Durable Goods Orders Fall Off a Cliff

Last Update: 25-Nov-09 09:47 ET

Durable goods orders declined 0.6% in October. The consensus expected orders to have risen 0.5%.

To make matters worse, excluding transportation, orders declined 1.3%.

The market may try to flip the data by stating that it was a purely statistical decline. Orders in September were heavily revised upward as orders rose a full percentage point more (2.0%) than originally expected.

However, if the recovery is going to be sustainable, orders need to increase at a steady pace over the next several months.

Businesses had stated in their earnings reports that increased demand expectations were driving them to purchase new investment equipment. Immediately following the announcement, orders for nondefense capital goods excluding aircraft, a proxy for business investment in equipment and software, surged 2.6% in September.

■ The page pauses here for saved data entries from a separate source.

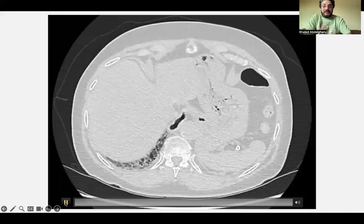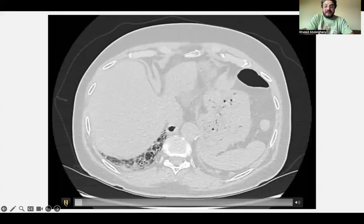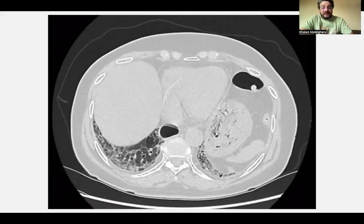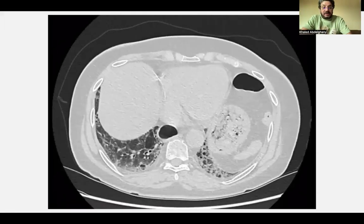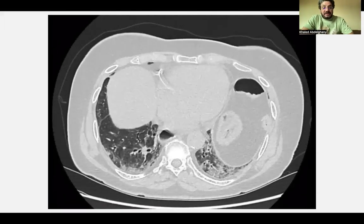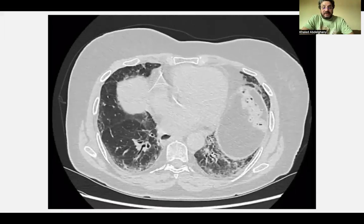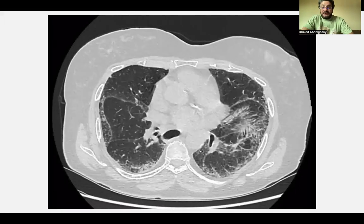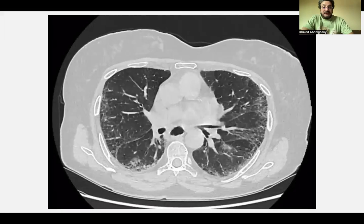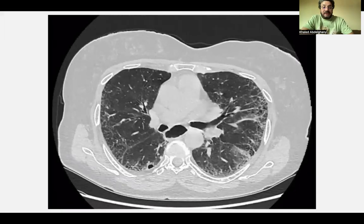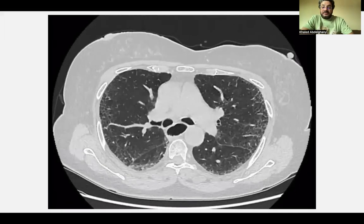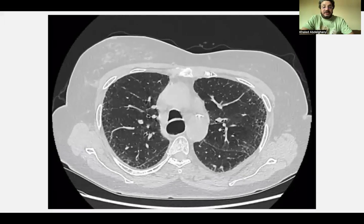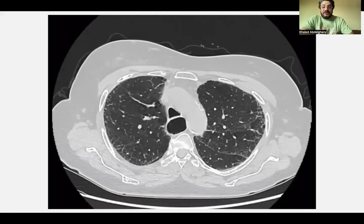We have another case of fibrosing lung disease. We have ground glass confined to the periphery with areas of fibrosis, traction bronchiectasis, and irregular reticulation and traction bronchiectasis. It appears that they are confined to the periphery.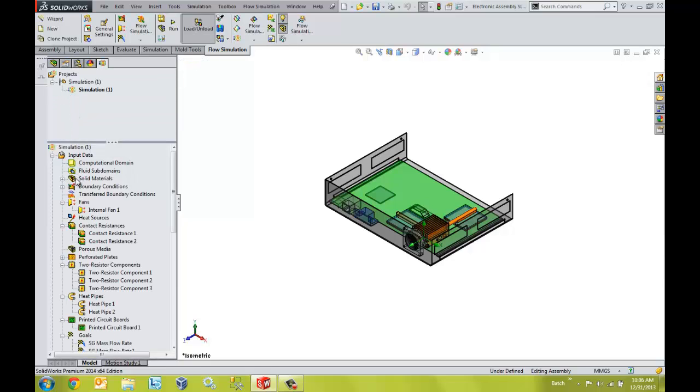With the Electronic Cooling Module, there are vast libraries and tool sets to help describe the properties of components such as multi-layer PCB boards along with the other components that I've mentioned thus far.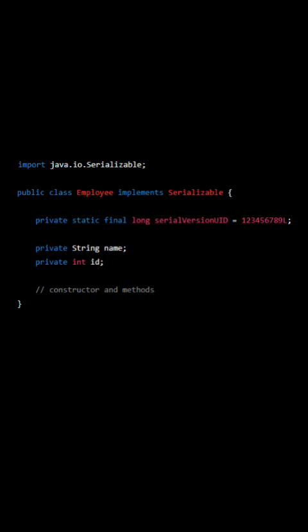When an object of the employee class is serialized, the SerialVersion UID is also serialized along with it.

All of the gains in business investment were wiped out in October as orders for nondefense capital excluding aircraft fell 2.9%.

The drop in business investment orders included an 8.0% decline in machinery orders and a 2.1% decline in computer and electronic products.

Motor vehicles, a sector that many economists had believed would lead the U.S. out of the recovery, continues to falter. After rebounding 1.5% in September, new orders reversed direction and declined 0.1% in October. The drop correlates well with the abrupt stoppage in the industrial production and assemblies data but goes against the strong increase in October sales.

To further complicate matters, total manufacturing shipments declined 0.2% in October after rising 1.6% in September. Shipments of goods are accounted in the GDP report, not the orders data.

Excluding transportation, shipments rose a steady 1.2%.

Most of the increase in shipments was in manufacturing inputs, including primary metals (3.6%) and fabricated metal products (0.5%).

The increase in manufacturing inputs could mean that manufacturers are beginning to stockpile supplies and are readying themselves for an increase in production in the near term.

However, the increase in production may still  be weeks or even months away if durable good orders do not pick up significantly.

Manufacturing inventories held steady with no growth after declining 1.2% in August.

Unfilled orders fell 0.4% for the month.